David H. Hackworth
May 9, 1995


The Oklahoma City bombing was a significant shot in a fledgling but fast growing storm of insurgency sweeping across America. Unless the issues which have alienated too many citizens from the federal government are corrected, the mistrust, anger and militancy will only increase. More armed revolutionists will emerge from their dark world to attack symbolically selected targets with bullets and bombs in an ever-expanding tornado of home-grown violence.

The first rule in countering insurgency is to find out the causes for the dissatisfaction, anger and frustration. In the 1700s, the British ignored Patrick Henry's and fellow insurgents' repeated complaints about paying taxes without representation, forced housing of redcoat soldiers and mistreatment of colonists by the Crown. Had the King listened to the indignant drumbeat, the revolution might not have happened.

Had our leaders asked the South Vietnamese peasants why they were willing to die attempting to overthrow the Saigon government, they would have heard, "Government troops come to our village, abuse us, rape our daughters, impress our sons into their corrupt army, tax us unjustly, steal our rice and ducks. When we complain, they jail and torture us for being revolutionaries." If those in Washington, like Robert McNamara, visited and listened to the Vietnamese paddy people instead of just jawing with the brass in ivy towers, we wouldn't have gotten involved in that bloody, unwinnable civil war.

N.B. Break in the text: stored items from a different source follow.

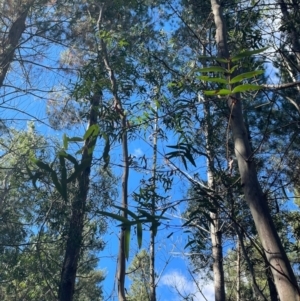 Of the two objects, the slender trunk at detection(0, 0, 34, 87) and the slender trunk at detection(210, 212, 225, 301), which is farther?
the slender trunk at detection(0, 0, 34, 87)

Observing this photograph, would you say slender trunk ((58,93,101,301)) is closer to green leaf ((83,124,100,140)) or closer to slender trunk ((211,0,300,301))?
slender trunk ((211,0,300,301))

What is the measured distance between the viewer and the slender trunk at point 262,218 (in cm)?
148

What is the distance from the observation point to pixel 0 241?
8.90 m

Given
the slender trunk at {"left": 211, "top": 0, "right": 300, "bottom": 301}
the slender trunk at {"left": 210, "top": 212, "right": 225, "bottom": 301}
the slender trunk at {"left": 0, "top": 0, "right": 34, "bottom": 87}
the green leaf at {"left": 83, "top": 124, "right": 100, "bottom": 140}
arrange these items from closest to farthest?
the slender trunk at {"left": 211, "top": 0, "right": 300, "bottom": 301} → the green leaf at {"left": 83, "top": 124, "right": 100, "bottom": 140} → the slender trunk at {"left": 210, "top": 212, "right": 225, "bottom": 301} → the slender trunk at {"left": 0, "top": 0, "right": 34, "bottom": 87}

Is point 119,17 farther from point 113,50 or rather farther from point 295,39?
point 295,39

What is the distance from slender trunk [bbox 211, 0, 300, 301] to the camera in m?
1.48

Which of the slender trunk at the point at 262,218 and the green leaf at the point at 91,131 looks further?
the green leaf at the point at 91,131

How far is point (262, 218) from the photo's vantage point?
65.2 inches

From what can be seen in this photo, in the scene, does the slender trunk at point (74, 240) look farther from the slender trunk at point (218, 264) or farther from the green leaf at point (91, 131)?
the green leaf at point (91, 131)

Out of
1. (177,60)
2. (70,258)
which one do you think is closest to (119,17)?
(177,60)

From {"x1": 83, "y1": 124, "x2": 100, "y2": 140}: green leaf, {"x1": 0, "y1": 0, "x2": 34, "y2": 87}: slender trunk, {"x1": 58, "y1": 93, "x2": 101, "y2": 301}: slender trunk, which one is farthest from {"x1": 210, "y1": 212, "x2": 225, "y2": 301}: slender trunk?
{"x1": 83, "y1": 124, "x2": 100, "y2": 140}: green leaf

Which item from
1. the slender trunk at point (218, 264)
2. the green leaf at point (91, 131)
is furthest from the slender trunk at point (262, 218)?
the slender trunk at point (218, 264)

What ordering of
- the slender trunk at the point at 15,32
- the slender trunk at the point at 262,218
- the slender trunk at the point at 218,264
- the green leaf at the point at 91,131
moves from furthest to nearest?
1. the slender trunk at the point at 15,32
2. the slender trunk at the point at 218,264
3. the green leaf at the point at 91,131
4. the slender trunk at the point at 262,218

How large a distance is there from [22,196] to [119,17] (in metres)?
3.60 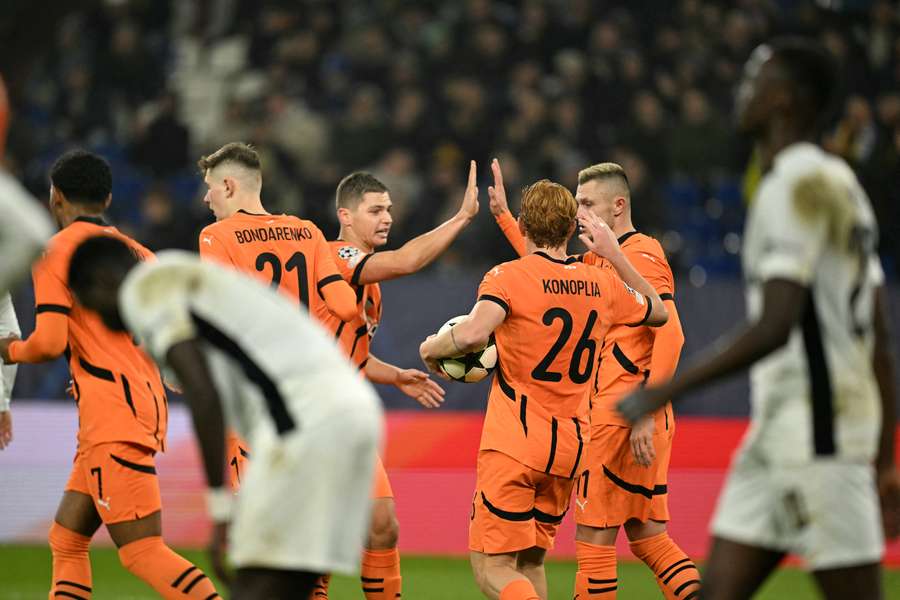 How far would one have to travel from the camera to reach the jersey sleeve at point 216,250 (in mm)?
6949

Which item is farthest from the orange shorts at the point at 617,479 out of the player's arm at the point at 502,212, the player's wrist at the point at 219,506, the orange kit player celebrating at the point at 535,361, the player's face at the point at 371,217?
the player's wrist at the point at 219,506

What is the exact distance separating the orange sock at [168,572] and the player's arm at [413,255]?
1896 millimetres

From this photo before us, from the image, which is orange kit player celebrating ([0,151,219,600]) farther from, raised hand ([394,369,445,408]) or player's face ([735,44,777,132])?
player's face ([735,44,777,132])

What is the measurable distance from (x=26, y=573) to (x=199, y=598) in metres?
4.25

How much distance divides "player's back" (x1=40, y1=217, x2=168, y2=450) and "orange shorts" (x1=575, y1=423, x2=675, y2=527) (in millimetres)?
2267

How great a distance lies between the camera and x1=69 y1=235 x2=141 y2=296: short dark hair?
445cm

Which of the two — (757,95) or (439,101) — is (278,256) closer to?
(757,95)

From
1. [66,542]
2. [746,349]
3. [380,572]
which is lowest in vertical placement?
[380,572]

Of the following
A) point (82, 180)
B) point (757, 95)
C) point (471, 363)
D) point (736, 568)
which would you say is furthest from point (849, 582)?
point (82, 180)

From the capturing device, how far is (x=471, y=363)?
6699 mm

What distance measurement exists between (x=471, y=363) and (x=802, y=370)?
2.82m

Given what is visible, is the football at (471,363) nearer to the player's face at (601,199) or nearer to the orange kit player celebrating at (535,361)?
the orange kit player celebrating at (535,361)

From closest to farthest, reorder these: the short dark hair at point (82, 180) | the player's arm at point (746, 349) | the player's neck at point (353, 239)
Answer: the player's arm at point (746, 349)
the short dark hair at point (82, 180)
the player's neck at point (353, 239)

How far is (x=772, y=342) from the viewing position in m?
3.86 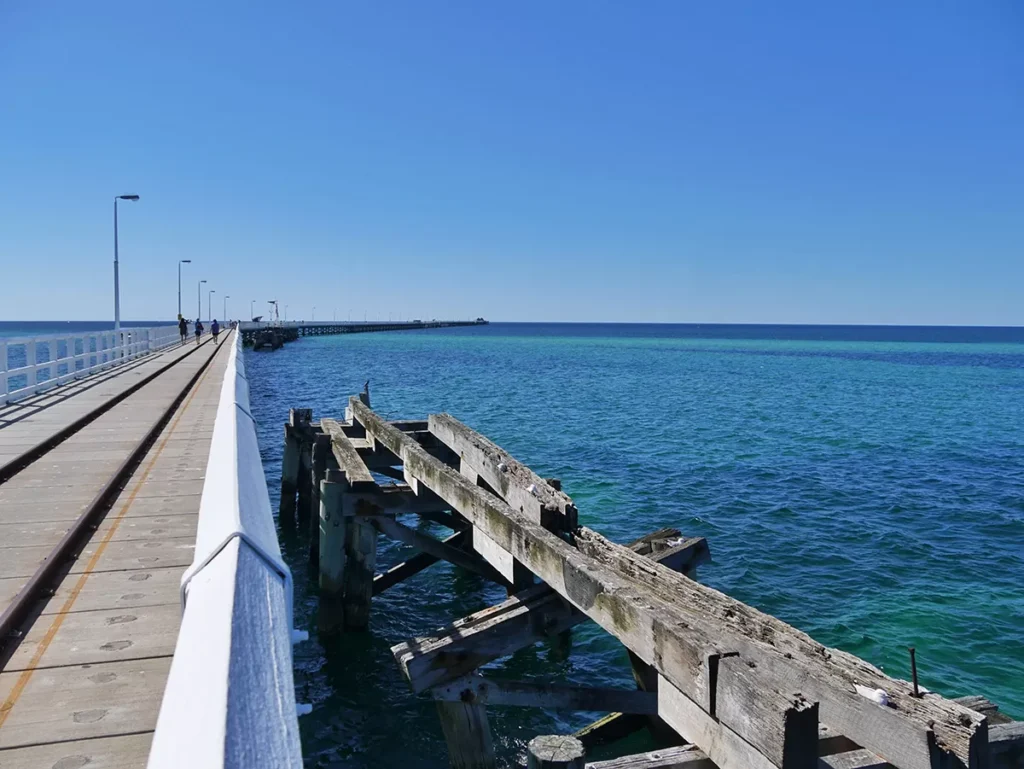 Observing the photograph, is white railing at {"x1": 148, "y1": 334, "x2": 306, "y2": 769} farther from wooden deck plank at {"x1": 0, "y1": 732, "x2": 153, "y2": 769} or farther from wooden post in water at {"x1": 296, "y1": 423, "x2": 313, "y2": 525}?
wooden post in water at {"x1": 296, "y1": 423, "x2": 313, "y2": 525}

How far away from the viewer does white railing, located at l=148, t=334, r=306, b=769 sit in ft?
4.59

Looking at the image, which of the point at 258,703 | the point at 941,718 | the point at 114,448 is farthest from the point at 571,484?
the point at 258,703

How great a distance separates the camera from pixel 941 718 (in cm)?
365

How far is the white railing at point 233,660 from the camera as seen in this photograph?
1.40 m

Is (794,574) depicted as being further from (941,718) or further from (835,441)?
(835,441)

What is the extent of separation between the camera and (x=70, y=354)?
1958 cm

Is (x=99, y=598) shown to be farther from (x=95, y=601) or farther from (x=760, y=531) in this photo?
(x=760, y=531)

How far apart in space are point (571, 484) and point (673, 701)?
1366 cm

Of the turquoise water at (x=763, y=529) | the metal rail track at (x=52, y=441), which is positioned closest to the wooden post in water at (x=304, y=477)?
the turquoise water at (x=763, y=529)

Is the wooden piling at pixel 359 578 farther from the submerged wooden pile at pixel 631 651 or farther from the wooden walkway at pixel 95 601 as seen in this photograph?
the wooden walkway at pixel 95 601

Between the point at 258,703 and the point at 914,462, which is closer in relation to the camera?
the point at 258,703

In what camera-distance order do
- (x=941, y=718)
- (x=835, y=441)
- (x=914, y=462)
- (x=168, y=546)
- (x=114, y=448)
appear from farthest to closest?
1. (x=835, y=441)
2. (x=914, y=462)
3. (x=114, y=448)
4. (x=168, y=546)
5. (x=941, y=718)

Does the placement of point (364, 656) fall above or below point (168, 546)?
below

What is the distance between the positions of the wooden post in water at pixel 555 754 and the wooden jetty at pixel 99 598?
1.79 meters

No one knows exactly how many Tim McVeighs are out there fuming and plotting, or the number of disgruntled citizens who have lost faith in our government and joined groups such as the Michigan or Montana Militias or the Southwest-based Patriots.

Mistrust of government, if ignored, has its own perils. The king of France and the czar of Russia didn't listen to their people's complaints, and it cost them not only their empires, but their lives as well.

In the 1920s, a few angry fanatics who identified with Hitler's mad rages joined his Brown Shirts and went on to take over Germany and almost the world. A decade later, China's Mao Tse-tung and Vietnam's Ho Chi Minh started with only a few revolutionary followers and ended up whipping superpower-supported states and installing Communist regimes.

Our politicians, from the White House to City Hall, must not play the blame game or make the growing dissent on the part of millions of our citizens a political issue. They must be motivated not by fear, but by finding out what the hell the problems are and solving them. They must concern themselves with why so many citizens in our great land are upset, why they're arming themselves and why they're joining organizations and networks resembling those that raised up against the British in 1776, and those that toppled the French, Russia, German, Chinese and South Vietnamese governments.

Many citizens believe our government is out of control and no one in the system -- from the top down -- is ever held accountable; only the governed have to play by the rules, and if they don't, they're the only ones who get a knock at the door.

Jefferson Morley recently wrote in the Washington Post, " long as democratic accountability is in doubt, the citizenry, not just government office buildings, will remain vulnerable."

Government accountability should start with Waco and the Weaver shootout. An independent commission needs to re-examine the Branch Davidian massacre. The central question that begs answering is, Why was excessive force used? The USMC was prepared to use non-lethal weapons against Somalians last March. Why couldn't those same weapons be used against Americans holed up at Waco?

A similar commission needs to readdress the killing of Randy Weaver's wife. Why would a federal agent, who clearly saw Mrs. Weaver through a ten-power sniper scope and knew she was holding a baby, not a weapon, kill her? Surely, if the agent felt an irresistible compulsion to pull a trigger, a rubber bullet, sticky gum or nausea gas would have been a more appropriate response.

These examples of federal overkill and apparent cover-up must be investigated and the people must be told the truth. If those responsible failed in their duties and further undermined the public trust -- from Janet Reno down to the federal sniper -- they must be held accountable.